Of the charming woman here described who subsequently became the third wife of Beaumarchais we shall have occasion to speak later. For the present, his situation was such that marriage was out of the question, their union was not solemnized until later. Their one and only daughter, Eugénie, was born in 1777. She was the darling of her father, the source of his deepest happiness and the cause of his cruelest suffering. It was for her that we shall find him, old and broken in health, setting himself with almost juvenile vigor, at the time of his return from exile after the Reign of Terror, to gather together the shattered remains of his fortune.
At the moment of his triumph in 1774, flattered, praised, and loved as we have seen him, this condition was offset not only by the judgment of parliament which ruined his career, but by a domestic trouble which was at that moment preparing for him.
His father’s health had been so shattered by the terrible strain through which he had been obliged to pass by the succession of calamities which had befallen his son that in the end the vigor of his mind became impaired.
It was thus that shortly before his death in 1775, at seventy-seven years of age, without the knowledge of his son, he united himself in marriage with the woman who had been provided for him, as caretaker. M. de Loménie says of this individual, “She was a cunning old maid, who made him marry her in the hope of being ransomed by Beaumarchais.
“Profiting by the weakness of the old man, she had had assigned to her in their contract of marriage, the dowry and the part of a child. However, the elder Caron left no fortune. The portion which he had received from his second wife had gone towards partly covering the advances made to him by his son who in addition gave him a lifetime pension. A written settlement guaranteed Beaumarchais; but the third wife of the elder Caron, speculating upon the celebrity of the son and his repugnance to a suit of such a nature at the very moment when he had scarcely recovered himself from the suit Goëzman, threatened to attack the settlement and to make a noise.
“For the first time in his life,” continues Loménie, “Beaumarchais capitulated before an adversary and disembarrassed himself by means of 6,000 francs of the person in question, a person, by the way, very subtle, very daring, and assez spirituelle, to judge from her letters.
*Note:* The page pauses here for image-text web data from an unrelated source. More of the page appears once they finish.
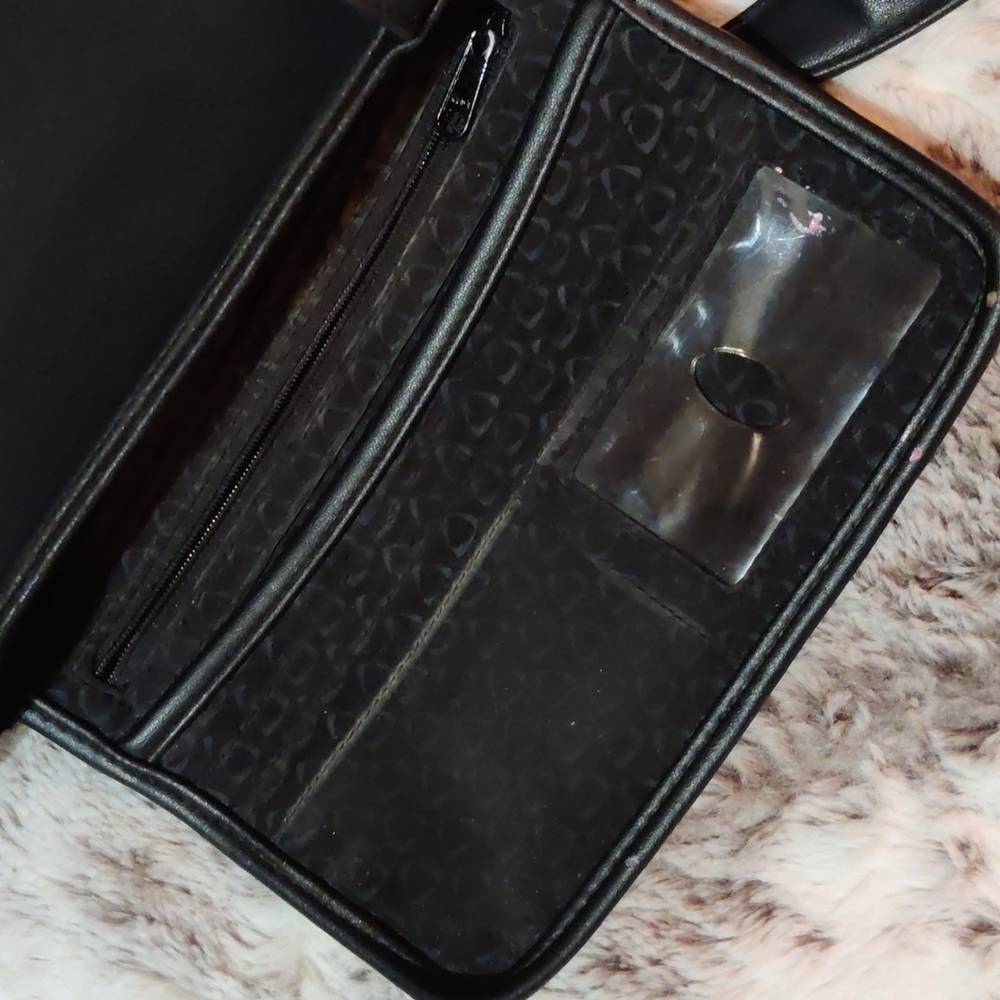 Liz Claiborne Black Leather Shoulder Bag - Picture 5 of 11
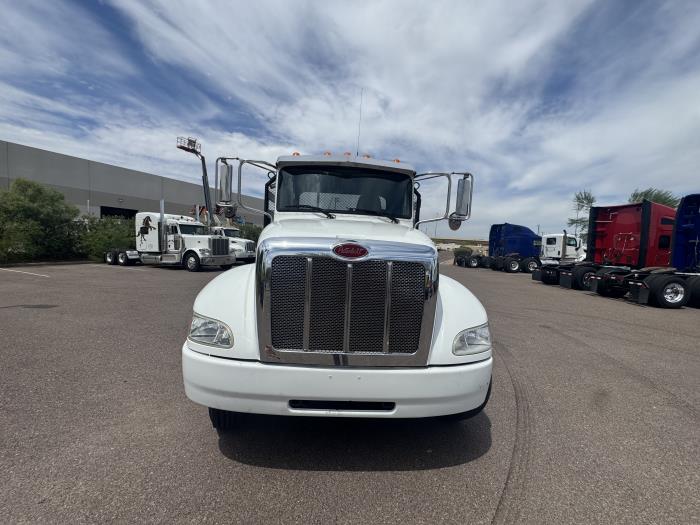2020 Peterbilt 330-7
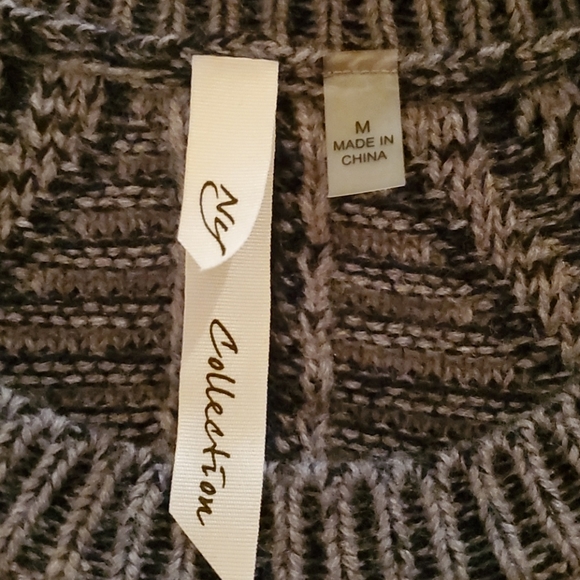 NY Collection Sweater Medium - Picture 5 of 6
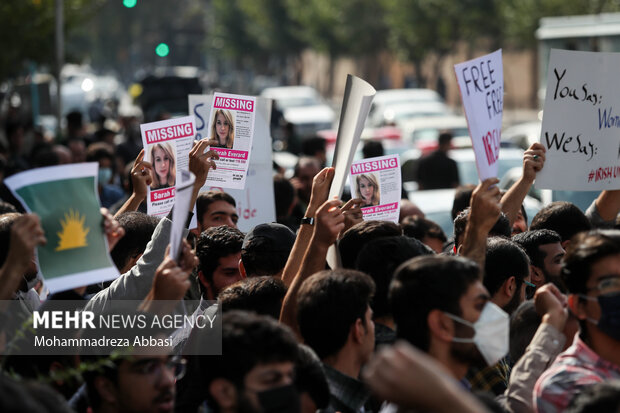 دانشجویان دانشگاه‌های تهران صبح امروز پنجشنبه ۵ آبان ۱۴۰۱ در مقابل سفارت انگلیس در تهران تجمع و نسبت به نقش دولت انگلیس و رسانه‌های وابسته به این کشور در اغتشاشات اخیر کشور اعتراض کردند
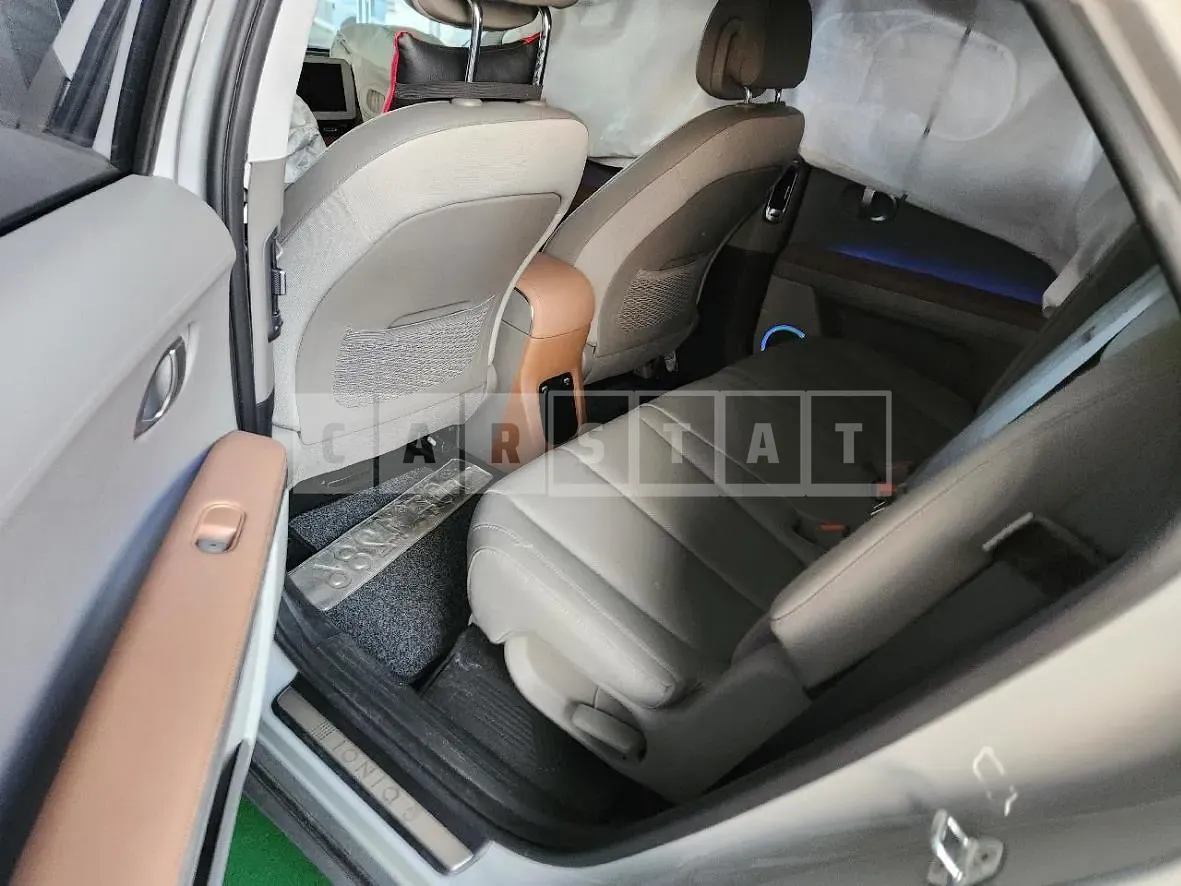 Photo 2 of 21: 2021 Hyundai IONIQ 5 — Korean insurance auction
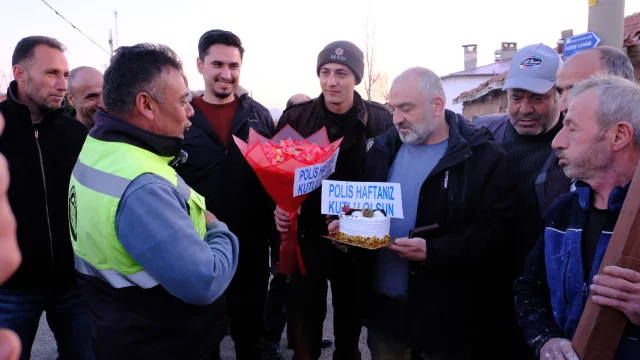 Kavga Ihbarina Giden Polis Eki 19727493 8256 3 M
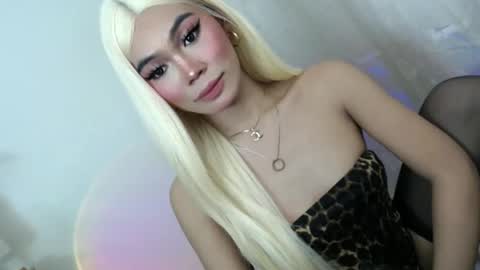 Snapshot of catalenax chatting on 09/09/25, 06:07 CatalenaX online show from 09/09/25, 06:07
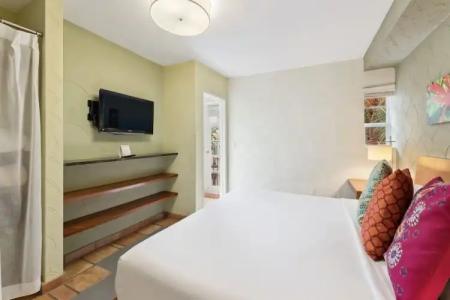 Kasa El Paseo Miami Beach - 145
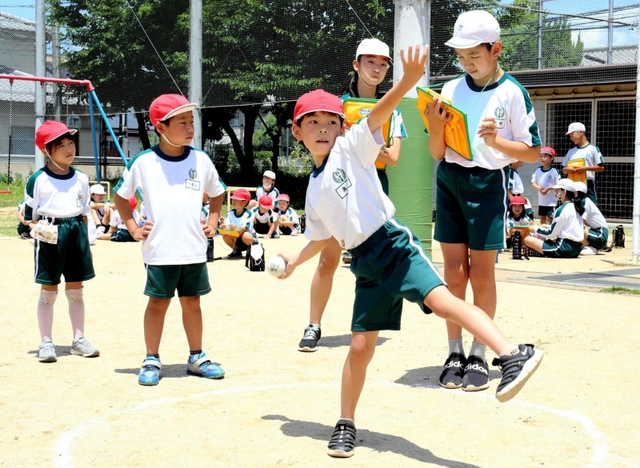 マスクを外して体力測定に挑戦する１年生の児童ら＝野里小学校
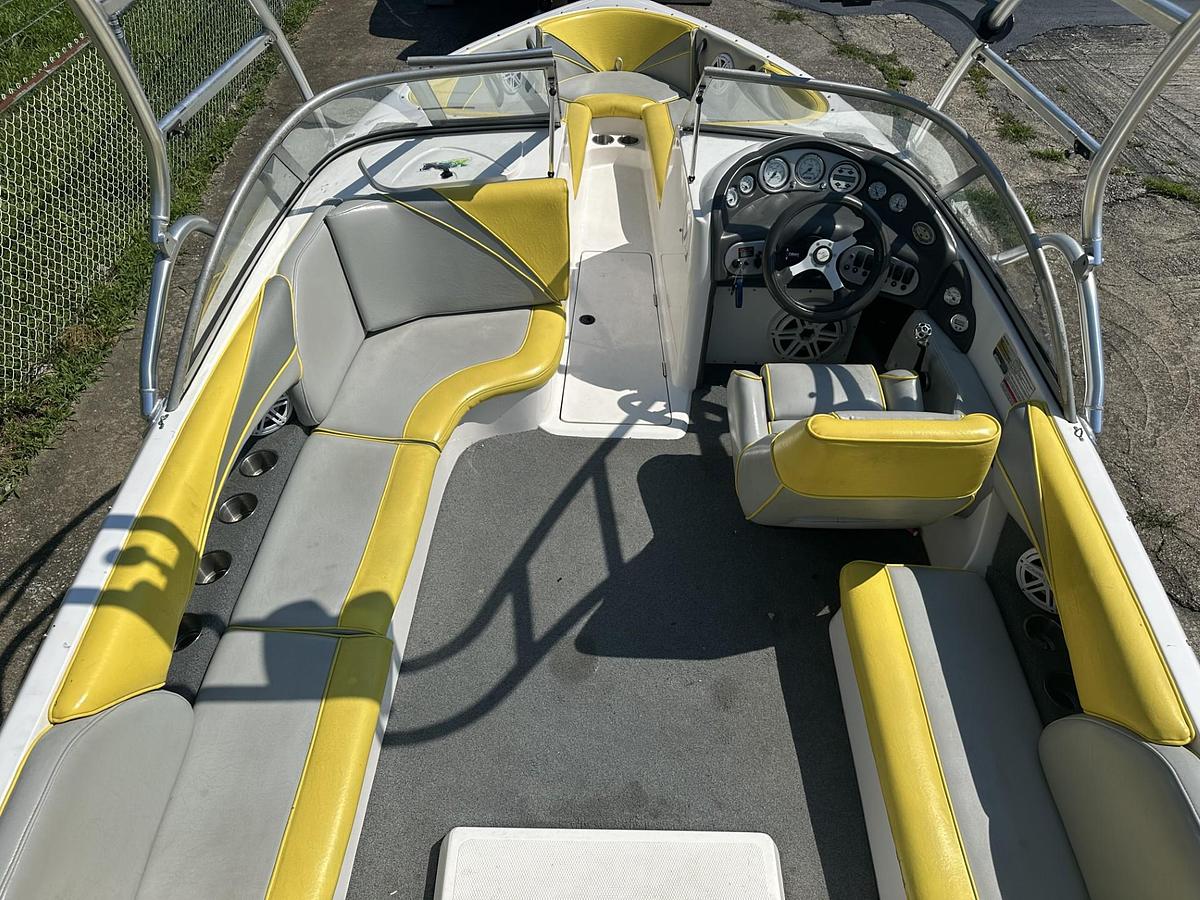 Used 2004 MOOMBA MOBIUS XLV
“Upon the package of documents relating to this affair I find written in the hand of Beaumarchais these words: ‘Infamie de la veuve de mon père pardonnée’ (Infamy of the widow of my father, pardoned). It is to the influence of this rusée commère that we must attribute the only moment of misunderstanding between the father and the son during an intimate correspondence which embraced the last fifteen years of the life of the former; and it must be added that the misunderstanding lasted but a moment, because the letter of the father on his death-bed which has already been cited proves that harmony had been completely re-established between them at the time of the death of the elder Caron towards the end of August, 1775.”